(Caption-style text data)
_ _ _
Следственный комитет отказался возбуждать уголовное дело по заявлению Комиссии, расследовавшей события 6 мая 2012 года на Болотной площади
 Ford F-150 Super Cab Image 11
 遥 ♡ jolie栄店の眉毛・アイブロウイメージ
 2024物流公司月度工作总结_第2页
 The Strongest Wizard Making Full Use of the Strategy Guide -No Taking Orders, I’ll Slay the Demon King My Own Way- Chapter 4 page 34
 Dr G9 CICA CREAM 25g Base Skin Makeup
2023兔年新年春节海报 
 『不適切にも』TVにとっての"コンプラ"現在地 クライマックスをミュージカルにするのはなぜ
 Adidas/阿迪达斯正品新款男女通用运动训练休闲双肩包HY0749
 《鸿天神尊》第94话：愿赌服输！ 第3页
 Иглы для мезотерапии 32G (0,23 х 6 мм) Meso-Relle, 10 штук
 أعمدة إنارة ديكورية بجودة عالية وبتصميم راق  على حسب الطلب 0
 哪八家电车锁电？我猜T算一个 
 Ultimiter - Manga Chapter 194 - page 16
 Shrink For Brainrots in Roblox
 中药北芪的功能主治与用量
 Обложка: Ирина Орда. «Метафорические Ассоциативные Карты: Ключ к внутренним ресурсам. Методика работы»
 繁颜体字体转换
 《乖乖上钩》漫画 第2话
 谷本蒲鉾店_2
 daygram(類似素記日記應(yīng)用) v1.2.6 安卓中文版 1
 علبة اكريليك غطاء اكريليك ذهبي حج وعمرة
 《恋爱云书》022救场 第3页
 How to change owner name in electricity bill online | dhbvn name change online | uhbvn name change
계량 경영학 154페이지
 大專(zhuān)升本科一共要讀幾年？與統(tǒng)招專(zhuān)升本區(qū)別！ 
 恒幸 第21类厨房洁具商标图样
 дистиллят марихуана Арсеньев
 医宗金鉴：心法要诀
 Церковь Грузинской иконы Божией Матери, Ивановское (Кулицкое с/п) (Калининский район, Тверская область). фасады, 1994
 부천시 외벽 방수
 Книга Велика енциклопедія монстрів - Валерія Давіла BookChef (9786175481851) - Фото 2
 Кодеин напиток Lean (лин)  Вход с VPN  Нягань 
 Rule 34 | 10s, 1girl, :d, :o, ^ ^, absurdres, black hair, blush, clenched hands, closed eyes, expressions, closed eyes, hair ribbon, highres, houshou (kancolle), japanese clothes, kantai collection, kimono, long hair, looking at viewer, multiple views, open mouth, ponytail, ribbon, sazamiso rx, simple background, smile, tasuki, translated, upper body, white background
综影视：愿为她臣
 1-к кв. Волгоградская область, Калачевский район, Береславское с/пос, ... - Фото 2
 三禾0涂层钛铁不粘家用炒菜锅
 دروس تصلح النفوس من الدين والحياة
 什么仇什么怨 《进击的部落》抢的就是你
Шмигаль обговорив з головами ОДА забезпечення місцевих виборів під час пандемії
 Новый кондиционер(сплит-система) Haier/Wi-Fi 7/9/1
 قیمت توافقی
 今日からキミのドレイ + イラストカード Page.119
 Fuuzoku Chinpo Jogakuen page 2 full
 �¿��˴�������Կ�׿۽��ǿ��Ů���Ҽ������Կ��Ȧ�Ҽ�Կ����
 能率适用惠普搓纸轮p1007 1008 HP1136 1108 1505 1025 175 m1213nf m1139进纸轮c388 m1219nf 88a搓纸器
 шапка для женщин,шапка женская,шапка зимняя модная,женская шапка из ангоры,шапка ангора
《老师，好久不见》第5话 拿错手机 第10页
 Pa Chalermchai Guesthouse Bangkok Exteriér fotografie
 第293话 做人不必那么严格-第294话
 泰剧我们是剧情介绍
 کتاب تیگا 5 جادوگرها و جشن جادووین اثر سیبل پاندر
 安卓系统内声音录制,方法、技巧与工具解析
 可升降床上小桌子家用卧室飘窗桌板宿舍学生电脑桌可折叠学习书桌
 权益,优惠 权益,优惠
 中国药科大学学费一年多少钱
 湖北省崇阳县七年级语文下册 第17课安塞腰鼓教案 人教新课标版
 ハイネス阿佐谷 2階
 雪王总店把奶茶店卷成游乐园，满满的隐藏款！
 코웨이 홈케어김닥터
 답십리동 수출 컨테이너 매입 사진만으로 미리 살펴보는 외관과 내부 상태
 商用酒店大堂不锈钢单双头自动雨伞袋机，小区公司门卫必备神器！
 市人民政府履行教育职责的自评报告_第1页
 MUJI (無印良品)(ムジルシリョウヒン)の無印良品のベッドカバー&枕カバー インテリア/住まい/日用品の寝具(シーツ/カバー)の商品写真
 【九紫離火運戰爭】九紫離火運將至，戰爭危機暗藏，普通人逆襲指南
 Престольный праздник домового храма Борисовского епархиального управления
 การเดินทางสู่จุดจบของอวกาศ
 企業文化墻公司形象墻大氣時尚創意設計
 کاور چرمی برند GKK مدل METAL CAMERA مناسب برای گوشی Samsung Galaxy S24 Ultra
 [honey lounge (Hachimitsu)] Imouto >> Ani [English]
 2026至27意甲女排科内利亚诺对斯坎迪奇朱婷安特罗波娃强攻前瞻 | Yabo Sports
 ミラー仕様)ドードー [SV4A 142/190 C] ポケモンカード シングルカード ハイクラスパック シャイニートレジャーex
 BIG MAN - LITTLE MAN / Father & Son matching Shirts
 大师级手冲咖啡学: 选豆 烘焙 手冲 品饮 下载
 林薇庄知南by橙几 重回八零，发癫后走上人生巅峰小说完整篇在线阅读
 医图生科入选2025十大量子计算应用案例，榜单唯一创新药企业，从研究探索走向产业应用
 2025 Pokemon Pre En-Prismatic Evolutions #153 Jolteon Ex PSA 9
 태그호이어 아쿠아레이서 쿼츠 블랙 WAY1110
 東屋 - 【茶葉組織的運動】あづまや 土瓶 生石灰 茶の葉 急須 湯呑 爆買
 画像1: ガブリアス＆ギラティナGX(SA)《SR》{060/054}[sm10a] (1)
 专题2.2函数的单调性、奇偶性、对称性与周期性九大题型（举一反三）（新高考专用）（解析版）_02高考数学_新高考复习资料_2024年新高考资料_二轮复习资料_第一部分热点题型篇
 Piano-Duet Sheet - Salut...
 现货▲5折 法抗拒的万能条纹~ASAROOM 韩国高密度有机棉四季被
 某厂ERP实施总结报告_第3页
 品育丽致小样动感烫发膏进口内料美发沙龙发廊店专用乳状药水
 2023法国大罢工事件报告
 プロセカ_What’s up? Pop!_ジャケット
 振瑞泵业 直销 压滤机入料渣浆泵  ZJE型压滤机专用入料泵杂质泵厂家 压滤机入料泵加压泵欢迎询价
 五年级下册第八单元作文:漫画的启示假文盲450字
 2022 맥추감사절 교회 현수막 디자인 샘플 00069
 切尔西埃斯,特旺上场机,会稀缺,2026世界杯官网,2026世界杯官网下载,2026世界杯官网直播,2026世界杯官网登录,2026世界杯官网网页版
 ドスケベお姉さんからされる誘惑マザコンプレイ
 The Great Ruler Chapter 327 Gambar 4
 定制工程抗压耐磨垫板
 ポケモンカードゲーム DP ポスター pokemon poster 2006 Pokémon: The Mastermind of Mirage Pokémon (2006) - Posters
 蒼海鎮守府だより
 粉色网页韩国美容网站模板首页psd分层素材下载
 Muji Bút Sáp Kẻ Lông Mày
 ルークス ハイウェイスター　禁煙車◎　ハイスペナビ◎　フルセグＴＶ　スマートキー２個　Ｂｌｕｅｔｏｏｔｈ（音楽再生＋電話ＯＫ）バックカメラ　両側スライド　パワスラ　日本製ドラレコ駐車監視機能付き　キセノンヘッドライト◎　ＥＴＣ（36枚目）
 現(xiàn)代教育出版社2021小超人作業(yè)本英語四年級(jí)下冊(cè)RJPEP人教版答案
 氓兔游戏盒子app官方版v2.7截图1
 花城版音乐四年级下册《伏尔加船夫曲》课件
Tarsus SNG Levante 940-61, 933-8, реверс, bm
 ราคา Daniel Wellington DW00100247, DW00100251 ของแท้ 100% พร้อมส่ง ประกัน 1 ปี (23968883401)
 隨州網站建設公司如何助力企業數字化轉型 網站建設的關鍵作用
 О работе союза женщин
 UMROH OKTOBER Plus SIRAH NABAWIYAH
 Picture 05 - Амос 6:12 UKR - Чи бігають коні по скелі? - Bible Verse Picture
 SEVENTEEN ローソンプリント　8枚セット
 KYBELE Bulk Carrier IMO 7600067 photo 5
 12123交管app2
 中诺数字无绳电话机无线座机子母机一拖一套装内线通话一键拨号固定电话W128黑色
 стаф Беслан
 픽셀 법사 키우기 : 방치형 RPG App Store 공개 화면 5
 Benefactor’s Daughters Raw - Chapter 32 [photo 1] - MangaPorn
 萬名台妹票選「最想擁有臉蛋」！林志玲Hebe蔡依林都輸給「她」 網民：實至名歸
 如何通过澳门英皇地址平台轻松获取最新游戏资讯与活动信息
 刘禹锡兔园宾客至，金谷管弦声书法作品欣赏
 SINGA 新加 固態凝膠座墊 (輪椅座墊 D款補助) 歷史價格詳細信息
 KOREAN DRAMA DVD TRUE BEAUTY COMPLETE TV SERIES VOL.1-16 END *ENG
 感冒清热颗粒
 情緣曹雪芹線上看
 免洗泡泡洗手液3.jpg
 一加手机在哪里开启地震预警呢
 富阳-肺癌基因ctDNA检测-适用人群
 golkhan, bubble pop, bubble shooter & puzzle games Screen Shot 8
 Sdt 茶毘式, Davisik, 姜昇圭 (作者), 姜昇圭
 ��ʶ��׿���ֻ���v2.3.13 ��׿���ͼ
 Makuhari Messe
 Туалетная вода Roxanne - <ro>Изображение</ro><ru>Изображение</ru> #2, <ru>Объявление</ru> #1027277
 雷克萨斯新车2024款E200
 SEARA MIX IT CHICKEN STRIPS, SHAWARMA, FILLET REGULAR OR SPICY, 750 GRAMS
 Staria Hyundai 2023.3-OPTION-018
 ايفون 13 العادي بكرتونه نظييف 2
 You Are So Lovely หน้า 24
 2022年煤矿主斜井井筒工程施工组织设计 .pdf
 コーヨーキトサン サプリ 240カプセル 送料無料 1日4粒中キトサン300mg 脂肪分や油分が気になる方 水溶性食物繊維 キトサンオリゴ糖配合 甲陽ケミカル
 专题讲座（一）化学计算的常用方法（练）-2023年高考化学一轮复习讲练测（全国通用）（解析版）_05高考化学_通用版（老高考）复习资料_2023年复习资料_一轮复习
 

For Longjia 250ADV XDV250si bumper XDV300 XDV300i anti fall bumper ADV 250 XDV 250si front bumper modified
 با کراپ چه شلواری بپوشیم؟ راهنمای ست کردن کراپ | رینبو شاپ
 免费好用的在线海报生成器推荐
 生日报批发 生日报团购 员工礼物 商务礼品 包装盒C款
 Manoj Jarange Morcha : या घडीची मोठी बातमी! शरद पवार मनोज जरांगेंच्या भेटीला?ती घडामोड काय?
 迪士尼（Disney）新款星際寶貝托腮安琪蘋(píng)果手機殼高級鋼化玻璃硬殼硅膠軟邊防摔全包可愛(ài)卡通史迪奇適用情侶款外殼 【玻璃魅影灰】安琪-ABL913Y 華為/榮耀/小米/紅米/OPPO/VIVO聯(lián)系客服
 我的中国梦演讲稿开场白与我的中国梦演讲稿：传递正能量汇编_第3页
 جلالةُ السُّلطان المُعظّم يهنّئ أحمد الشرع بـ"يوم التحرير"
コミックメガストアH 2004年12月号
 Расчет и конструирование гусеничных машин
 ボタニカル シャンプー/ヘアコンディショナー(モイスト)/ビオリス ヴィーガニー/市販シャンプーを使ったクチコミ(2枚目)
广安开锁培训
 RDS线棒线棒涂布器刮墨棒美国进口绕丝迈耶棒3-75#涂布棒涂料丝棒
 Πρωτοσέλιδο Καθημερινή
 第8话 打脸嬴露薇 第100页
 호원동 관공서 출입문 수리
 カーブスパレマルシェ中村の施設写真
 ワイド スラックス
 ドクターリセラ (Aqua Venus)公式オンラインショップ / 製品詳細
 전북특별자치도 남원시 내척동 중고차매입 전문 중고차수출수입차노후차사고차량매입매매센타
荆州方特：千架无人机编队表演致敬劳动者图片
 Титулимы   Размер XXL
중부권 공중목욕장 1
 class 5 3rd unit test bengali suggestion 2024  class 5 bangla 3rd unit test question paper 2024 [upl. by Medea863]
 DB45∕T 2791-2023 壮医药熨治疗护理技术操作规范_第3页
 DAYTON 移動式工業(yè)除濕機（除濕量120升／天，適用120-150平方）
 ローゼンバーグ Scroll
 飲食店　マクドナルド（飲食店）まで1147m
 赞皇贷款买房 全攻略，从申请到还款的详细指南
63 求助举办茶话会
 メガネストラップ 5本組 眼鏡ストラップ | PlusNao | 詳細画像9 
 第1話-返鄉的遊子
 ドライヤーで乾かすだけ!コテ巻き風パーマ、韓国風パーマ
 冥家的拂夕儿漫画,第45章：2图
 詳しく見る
_ _ _
Please copy the lines above from the line with "The Strongest Wizard" up to and including the line with "恒幸 第21类厨房洁具商标图样", exactly as written and with nothing else.

# [EXERCISE ANSWER]
 The Strongest Wizard Making Full Use of the Strategy Guide -No Taking Orders, I’ll Slay the Demon King My Own Way- Chapter 4 page 34
 Dr G9 CICA CREAM 25g Base Skin Makeup
2023兔年新年春节海报 
 『不適切にも』TVにとっての"コンプラ"現在地 クライマックスをミュージカルにするのはなぜ
 Adidas/阿迪达斯正品新款男女通用运动训练休闲双肩包HY0749
 《鸿天神尊》第94话：愿赌服输！ 第3页
 Иглы для мезотерапии 32G (0,23 х 6 мм) Meso-Relle, 10 штук
 أعمدة إنارة ديكورية بجودة عالية وبتصميم راق  على حسب الطلب 0
 哪八家电车锁电？我猜T算一个 
 Ultimiter - Manga Chapter 194 - page 16
 Shrink For Brainrots in Roblox
 中药北芪的功能主治与用量
 Обложка: Ирина Орда. «Метафорические Ассоциативные Карты: Ключ к внутренним ресурсам. Методика работы»
 繁颜体字体转换
 《乖乖上钩》漫画 第2话
 谷本蒲鉾店_2
 daygram(類似素記日記應(yīng)用) v1.2.6 安卓中文版 1
 علبة اكريليك غطاء اكريليك ذهبي حج وعمرة
 《恋爱云书》022救场 第3页
 How to change owner name in electricity bill online | dhbvn name change online | uhbvn name change
계량 경영학 154페이지
 大專(zhuān)升本科一共要讀幾年？與統(tǒng)招專(zhuān)升本區(qū)別！ 
 恒幸 第21类厨房洁具商标图样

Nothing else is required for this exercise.